Yesterday I discussed how much I admired Kitty in Anna Karenina for nursing her dying brother-in-law, despite the objections of a husband that wants to protect her from all unpleasantness. Today I write about another woman who will not be denied her place by someone who is dying. Such literature inspires us by showing how life insists upon itself, despite all obstacles.

The character I have in mind is Mattie Michael in Gloria Naylor’s The Women of Brewster Place. The novel is a series of stories about Black women who live in an urban cul-de-sac, and Mattie has had her share of troubles, from being beaten by her father and leaving home for an out-of-wedlock pregnancy to losing this son years later when he jumps bail following a manslaughter charge. Having known such sorrow, she doesn’t hold back when her next-door-neighbor is close to death.

Ciel has lost her baby girl after the child electrocutes herself by sticking a fork in a socket. Ravaged by grief, she decides to die herself, refusing all food and drink:

People had mistaken it for shock when she refused to cry. They thought it some special sort of grief when she stopped eating and even drinking water unless forced to her hair went uncombed and her body unbathed. But Ciel was not grieving for Serena. She was simply tired of hurting. And she was forced to slowly give up the life that God had refused to take from her.

While others, somewhat like Kitty’s Levin, shy away from what they’re seeing, Mattie does not. Instead, she charges in, refusing to let death have dominion:

Mattie stood in the doorway, and an involuntary shudder when through her when she saw Ciel’s eyes. Dear God, she thought, she’s dying, and right in front of our faces.

“Merciful Father, no!” she bellowed. There was no prayer, no bended kneed or sackcloth supplication in those words, but a blasphemous fireball that shot forth and went smashing against the gates of heaven, raging and kicking, demanding to be heard.

“No! No! No!” Like a black Brahman cow, desperate to protect her young, she surged into the room, pushing the neighbor woman and the others out of her way.

Like Kitty with Levin’s brother, Mattie instinctively knows what the occasion calls for as she takes Ciel in her arms:

She sat on the edge of the bed and enfolded the tissue-thin body in her huge ebony arms. And she rocked. Ciel’s body was so hot it burned Mattie when she first touched her, but she held on and rocked. Back and forth, back and forth—she had Ciel so tightly she could feel her young breast flatten against the buttons of her dress. The black mammoth gripped so firmly that the slightest increase of pressure would have cracked the girl’s spine. But she rocked.

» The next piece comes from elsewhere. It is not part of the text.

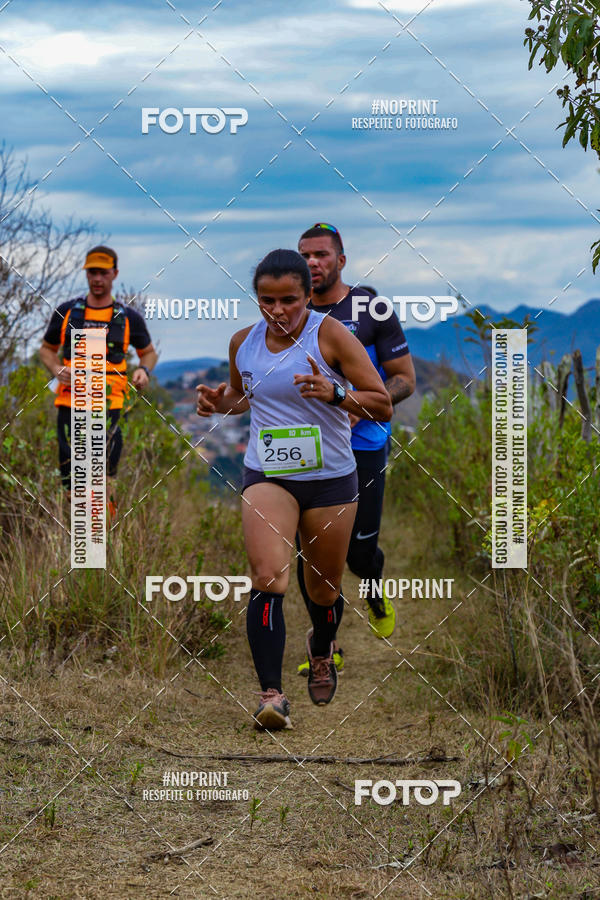 Buy your photos of the eventDesafio Brou Trail Run Ouro Preto on Fotop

Perhaps there’s a slight echo of Walt Whitman’s “Out of the Cradle Endlessly Rocking” here because the rocking takes on archetypal dimensions. Mattie becomes that force which, through the long history of human suffering, provides a comfort so deep as to keep the race keeping on:

Ciel moaned. Mattie rocked. Propelled by the sound, Mattie rocked her out of that bed, out of that room, into a blue vastness just underneath the sun and above time. She rocked her over Aegean seas so clean they shone like crystal, so clear the fresh blood of sacrificed babies torn from their mother’s arms and given to Neptune could be seen like pink froth on the water. She rocked her on and on, past Dachau, where soul-gutted Jewish mothers swept their children’s entrails off laboratory floors. They flew past the spilled brains of Senegalese infants whose mothers had dashed them on the wooden sides of slave ships. And she rocked on.

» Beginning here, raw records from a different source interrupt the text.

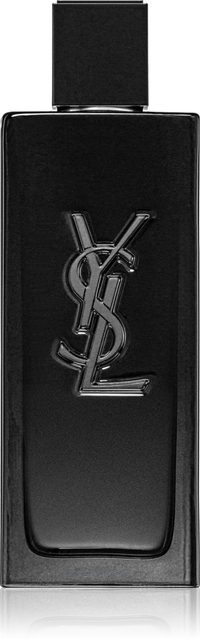 Yves Saint Laurent MYSLF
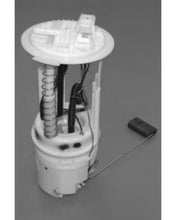 Charger l&#39;image dans la galerie, Walbro TANK UNIT ASSEMBLY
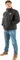 The North Face Mountain Range Down Funktionsjacke (Herren) Vorschaubild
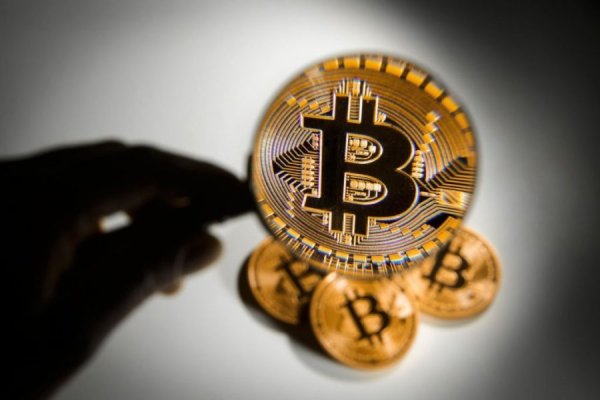 Ссылка на кракен в тор браузере kr2web in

And in that comfort, which passeth all human understanding, she finds her way to the heart of the pain:

She rocked her into her childhood and let her see murdered dreams. And she rocked her back, back into the womb, to the nadir of her hurt, and they found it—a slight silver splinter, embedded just below the surface of the skin. And Mattie rocked and pulled—and the splinter gave way, but its roots were deep, gigantic, ragged, and they tore up flesh with bits of fat and muscle tissue clinging to them. They left a huge hole, which was already starting to pus over, but Mattie was satisfied. It would heal.

And Ciel does heal. First she retches (“After a while she heaved only air, but the body did not seem to want to stop”), which Naylors describes as “exorcising the evilness of pain.” Then Mattie gives her water, gently bathes her, and wraps her in a clean sheet. The session ends in healing tears:

And Ciel lay down and cried. But Mattie knew the tears would end. And she would sleep. And morning would come.

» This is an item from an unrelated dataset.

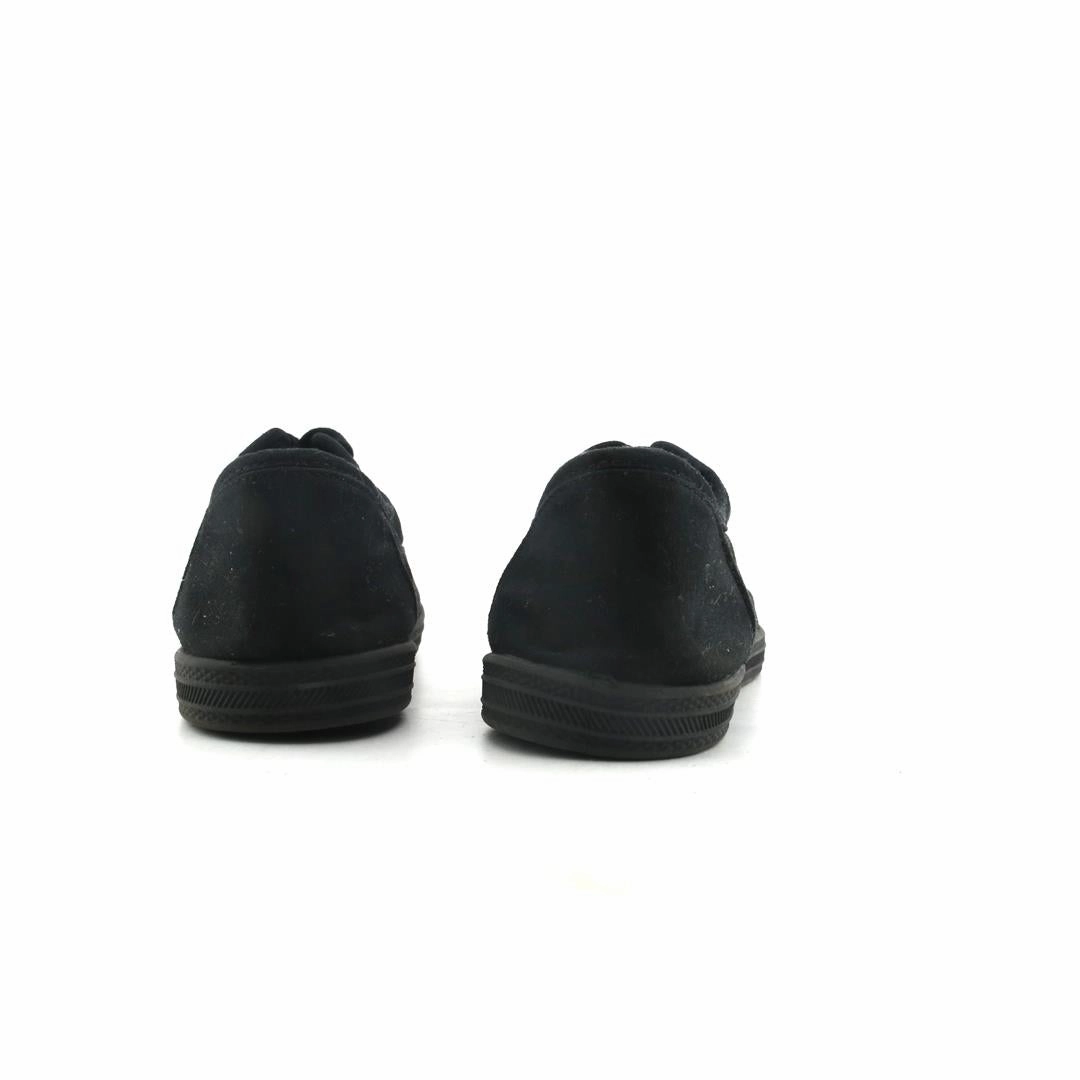 AMERICAN BRAND . classic styled shoe imagery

Dylan Thomas counseled us not to go gentle into that good night but to “rage and burn” at the approach of death. When Julia and I lost our Justin, I was like King Hrethel in Beowulf, who crawls into bed when he loses his eldest son, never to emerge, but Julia insisted on life. I still remember, the morning after, going out at dawn into the grass by the inlet close to our house and lying together in the wet grass. Although our grief shook us to our core, she insisted that we keep going.

And we have.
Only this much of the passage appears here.